With her 14-year-old chihuahua mix, Houdini, riding shotgun in her periwinkle pickup truck, Dee Heckman navigates Carmel Valley Road’s winding turns with torque, zipping under the canopy of live oaks and through the valley’s dry, chaparral environment. Heckman, 54, is traveling from radiation treatment in Monterey back to her home in Arroyo Seco, where she has lived since 1990.
She pulls off to the side of the road to grab dog treats, a requirement for this three-hour round trip. Heckman opens the bed of her truck to reveal a tightly packed array of bare necessities, from bath towels to camping equipment and medication. Heckman and Houdini are just coming off a disappearing act of their own: a four-day evacuation from the Willow Fire, which has burned just under 3,000 acres near the juncture of the Willow Creek and Arroyo Seco tributaries.
“I also usually grab a painting or picture from every room, my will and paperwork that says I own the house,” Heckman says, who was also forced to evacuate for eight days during the Dolan Fire in August 2020. “Oh, and I always take my tent. That way if I have to come back here and live without a house, I have a tent.”
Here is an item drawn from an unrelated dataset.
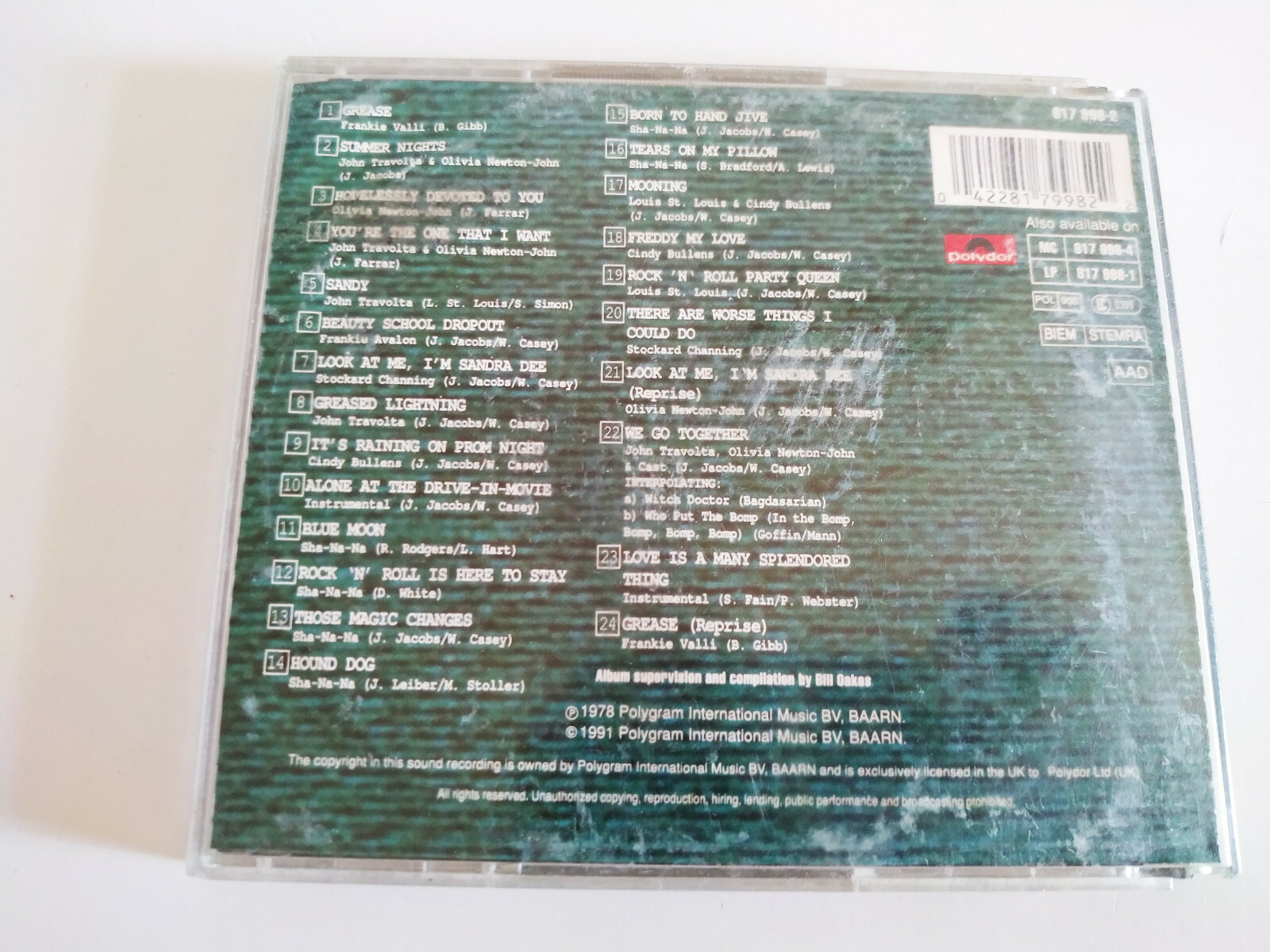 Grease Bande Originale John Travolta Olivia Newton-John CD 1991 Am Item image 3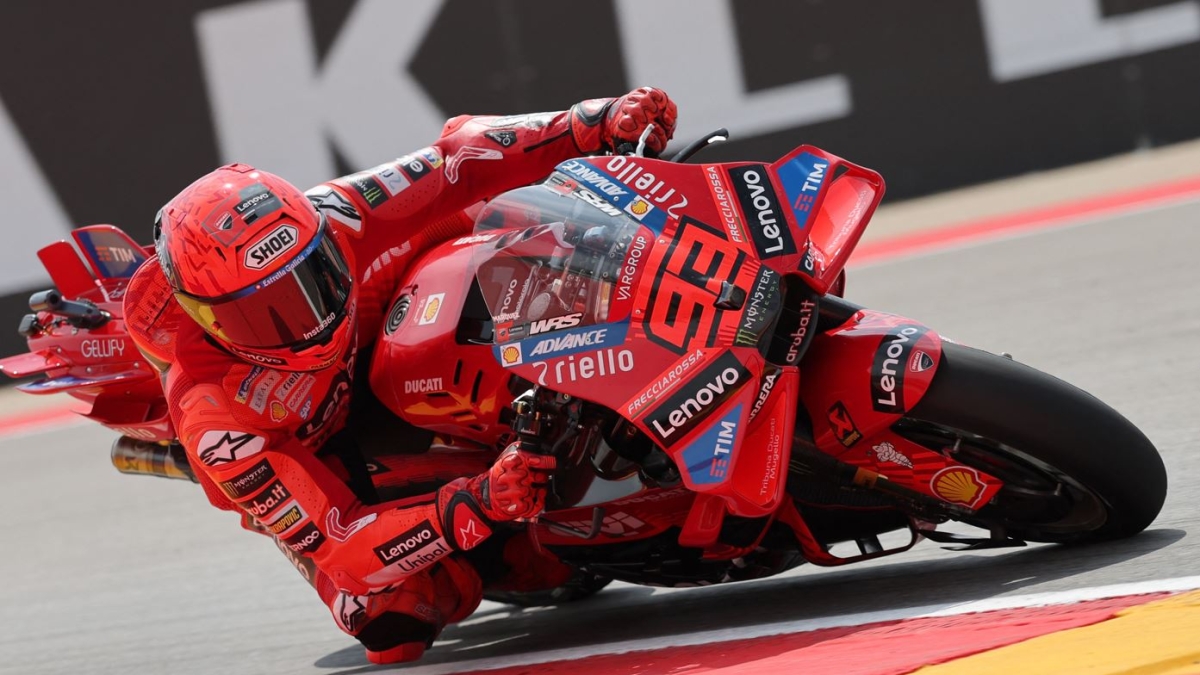 MotoGp Aragon, la Sprint race in diretta. Marc Marquez vince davanti ad Alex e ad Aldeguer. Bagnaia solo dodicesimo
The Willow Fire, Monterey County’s first major wildfire in 2021, ignited on Thursday, June 17. Heckman and her neighbors were ordered to evacuate the following evening – the second such order in 10 months. Until the 2020 Dolan Fire, a fire had not forced an evacuation of the area since 2016’s catastrophic Soberanes Fire.
As fire season is just revving up, Heckman says she is going to keep some items in her truck, with others boxed up near her door.
“I don’t remember fires being all that much of a problem in the early 1990s,” Heckman says. “Now, you’ve got the fear and knowledge of the Santa Rosa fires and the fire in Paradise where entire communities just went up in a puff of smoke. I never heard of those kinds of things happening before recent memory.”
Evacuation orders do not mean all people leave. Cherokee Nucci, 70, lives just down the dirt path from Heckman. When the U.S. Forest Service ordered one for the Willow Fire, Nucci stuck it out in the cabin her family has owned since 1951, just as she did during the Dolan Fire. She says her logic “might not make sense to a regular person” but she refuses to abandon her family’s home or the feral cat she feeds.
“I think I will choose to stay every time,” Nucci says. “We’re probably going to have another fire this year. Eventually there’s going to be a fire that gets our houses. But leaving your home is like leaving your parents in the ICU. When you’re there, you’re with them and you know. Once you leave all you’re doing is thinking about them.”
Now 87-percent contained, the wildfire smoke has cleared but down the road from Heckman and Nucci, U.S. Forest Service vehicles roar in and out of the still-closed Arroyo Seco Campground, the fire’s main access point. The National Weather Service has ruled out lightning as a cause, which remains under investigation.